## WHAT YOU WILL DO
Please give the number of lines in the records below that include "thumbnail", with no other output.

(Entries taken from a collection)
....................

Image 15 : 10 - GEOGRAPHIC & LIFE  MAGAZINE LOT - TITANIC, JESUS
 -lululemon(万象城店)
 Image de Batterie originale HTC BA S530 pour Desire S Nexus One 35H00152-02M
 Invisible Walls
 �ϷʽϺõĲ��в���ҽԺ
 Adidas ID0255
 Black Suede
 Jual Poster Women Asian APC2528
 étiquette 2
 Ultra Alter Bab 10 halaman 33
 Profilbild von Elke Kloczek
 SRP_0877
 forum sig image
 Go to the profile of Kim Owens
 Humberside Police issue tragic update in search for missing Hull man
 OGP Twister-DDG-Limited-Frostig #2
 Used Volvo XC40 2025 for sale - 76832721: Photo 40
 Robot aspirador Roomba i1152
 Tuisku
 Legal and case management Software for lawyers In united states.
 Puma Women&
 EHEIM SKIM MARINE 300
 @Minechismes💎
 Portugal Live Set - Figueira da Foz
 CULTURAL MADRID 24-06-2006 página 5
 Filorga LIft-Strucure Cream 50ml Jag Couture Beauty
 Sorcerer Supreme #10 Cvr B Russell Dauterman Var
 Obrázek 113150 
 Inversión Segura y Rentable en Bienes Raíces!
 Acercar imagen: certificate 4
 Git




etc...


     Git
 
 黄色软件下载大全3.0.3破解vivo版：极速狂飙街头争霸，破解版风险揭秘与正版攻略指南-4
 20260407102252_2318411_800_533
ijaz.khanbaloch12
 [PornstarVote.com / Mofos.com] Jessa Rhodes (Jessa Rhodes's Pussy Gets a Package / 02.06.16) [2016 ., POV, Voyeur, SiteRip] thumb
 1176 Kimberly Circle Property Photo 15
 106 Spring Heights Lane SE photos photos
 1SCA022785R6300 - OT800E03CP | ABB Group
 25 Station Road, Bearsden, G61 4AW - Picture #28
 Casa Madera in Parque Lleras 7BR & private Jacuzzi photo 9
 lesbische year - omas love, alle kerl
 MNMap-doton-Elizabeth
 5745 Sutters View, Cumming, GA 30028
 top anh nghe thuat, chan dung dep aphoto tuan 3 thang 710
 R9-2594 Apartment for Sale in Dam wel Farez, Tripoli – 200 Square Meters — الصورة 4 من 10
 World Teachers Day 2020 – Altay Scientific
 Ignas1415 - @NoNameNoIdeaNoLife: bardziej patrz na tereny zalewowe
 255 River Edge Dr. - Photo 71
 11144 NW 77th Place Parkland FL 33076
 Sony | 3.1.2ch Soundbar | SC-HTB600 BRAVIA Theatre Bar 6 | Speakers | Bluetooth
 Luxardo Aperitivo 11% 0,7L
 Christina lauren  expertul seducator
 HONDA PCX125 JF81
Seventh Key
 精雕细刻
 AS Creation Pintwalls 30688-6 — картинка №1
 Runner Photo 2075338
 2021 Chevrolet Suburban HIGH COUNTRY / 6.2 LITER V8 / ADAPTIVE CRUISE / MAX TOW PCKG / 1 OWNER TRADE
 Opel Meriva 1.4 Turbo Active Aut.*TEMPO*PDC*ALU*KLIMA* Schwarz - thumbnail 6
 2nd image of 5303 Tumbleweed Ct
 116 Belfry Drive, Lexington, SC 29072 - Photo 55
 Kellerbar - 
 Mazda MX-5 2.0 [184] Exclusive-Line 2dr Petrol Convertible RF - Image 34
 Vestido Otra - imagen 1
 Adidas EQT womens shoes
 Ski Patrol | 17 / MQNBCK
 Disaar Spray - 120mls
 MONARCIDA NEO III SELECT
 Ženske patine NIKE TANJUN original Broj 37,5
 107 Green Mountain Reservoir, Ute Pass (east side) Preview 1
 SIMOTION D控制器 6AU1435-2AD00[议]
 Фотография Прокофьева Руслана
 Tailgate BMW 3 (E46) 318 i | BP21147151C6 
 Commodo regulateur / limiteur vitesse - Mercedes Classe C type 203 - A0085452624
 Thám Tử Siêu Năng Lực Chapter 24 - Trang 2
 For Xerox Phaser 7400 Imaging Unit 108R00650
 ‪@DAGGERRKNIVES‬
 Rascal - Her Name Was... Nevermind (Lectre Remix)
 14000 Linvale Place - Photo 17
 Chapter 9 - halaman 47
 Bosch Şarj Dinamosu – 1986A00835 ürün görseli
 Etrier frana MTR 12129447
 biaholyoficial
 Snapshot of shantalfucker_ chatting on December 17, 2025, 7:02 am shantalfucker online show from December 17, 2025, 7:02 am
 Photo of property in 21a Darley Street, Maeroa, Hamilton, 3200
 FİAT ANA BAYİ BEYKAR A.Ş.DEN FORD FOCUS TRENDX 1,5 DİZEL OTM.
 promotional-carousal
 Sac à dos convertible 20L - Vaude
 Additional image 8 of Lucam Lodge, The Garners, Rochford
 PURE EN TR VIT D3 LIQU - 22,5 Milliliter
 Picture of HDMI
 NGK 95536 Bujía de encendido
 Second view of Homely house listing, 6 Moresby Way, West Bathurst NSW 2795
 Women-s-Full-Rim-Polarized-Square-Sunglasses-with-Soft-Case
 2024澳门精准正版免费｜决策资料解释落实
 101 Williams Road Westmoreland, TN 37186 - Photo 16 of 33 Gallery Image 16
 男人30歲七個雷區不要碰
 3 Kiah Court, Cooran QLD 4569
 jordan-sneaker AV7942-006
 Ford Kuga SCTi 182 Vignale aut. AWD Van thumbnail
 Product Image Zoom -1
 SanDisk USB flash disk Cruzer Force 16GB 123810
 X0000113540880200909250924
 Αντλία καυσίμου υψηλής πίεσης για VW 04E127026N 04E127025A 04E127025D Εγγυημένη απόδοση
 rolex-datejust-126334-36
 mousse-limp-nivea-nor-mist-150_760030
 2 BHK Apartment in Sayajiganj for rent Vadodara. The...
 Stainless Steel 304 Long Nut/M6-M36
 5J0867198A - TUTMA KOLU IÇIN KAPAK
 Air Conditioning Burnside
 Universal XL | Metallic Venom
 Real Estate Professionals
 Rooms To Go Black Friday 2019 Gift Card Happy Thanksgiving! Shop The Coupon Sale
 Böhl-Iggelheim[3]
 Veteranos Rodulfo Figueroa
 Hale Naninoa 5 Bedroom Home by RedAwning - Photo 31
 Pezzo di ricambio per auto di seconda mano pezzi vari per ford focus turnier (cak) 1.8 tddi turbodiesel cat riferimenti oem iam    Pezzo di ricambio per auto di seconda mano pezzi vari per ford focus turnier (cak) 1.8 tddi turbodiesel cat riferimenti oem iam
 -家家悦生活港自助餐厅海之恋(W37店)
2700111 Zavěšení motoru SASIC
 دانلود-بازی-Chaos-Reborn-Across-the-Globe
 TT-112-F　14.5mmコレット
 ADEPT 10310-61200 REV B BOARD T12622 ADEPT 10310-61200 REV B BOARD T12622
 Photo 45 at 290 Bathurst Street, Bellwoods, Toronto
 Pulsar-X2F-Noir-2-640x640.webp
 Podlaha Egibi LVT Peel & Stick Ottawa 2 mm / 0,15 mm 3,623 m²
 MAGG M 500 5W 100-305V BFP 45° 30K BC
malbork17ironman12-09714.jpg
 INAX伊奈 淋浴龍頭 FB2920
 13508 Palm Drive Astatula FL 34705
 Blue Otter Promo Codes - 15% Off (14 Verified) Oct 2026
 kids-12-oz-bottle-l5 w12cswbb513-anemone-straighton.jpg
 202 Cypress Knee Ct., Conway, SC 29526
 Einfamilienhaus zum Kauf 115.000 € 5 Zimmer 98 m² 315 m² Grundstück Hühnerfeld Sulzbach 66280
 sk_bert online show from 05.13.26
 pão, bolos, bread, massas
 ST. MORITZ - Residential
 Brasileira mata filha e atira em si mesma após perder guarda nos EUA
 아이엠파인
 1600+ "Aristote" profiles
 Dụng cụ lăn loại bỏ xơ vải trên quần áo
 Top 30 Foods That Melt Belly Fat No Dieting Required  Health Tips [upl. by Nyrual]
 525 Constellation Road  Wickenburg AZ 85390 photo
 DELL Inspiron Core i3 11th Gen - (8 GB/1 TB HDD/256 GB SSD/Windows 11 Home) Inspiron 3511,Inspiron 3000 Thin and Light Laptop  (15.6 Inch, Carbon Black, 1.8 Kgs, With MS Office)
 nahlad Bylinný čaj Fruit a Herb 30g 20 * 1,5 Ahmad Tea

....................

## ANSWER BOX
2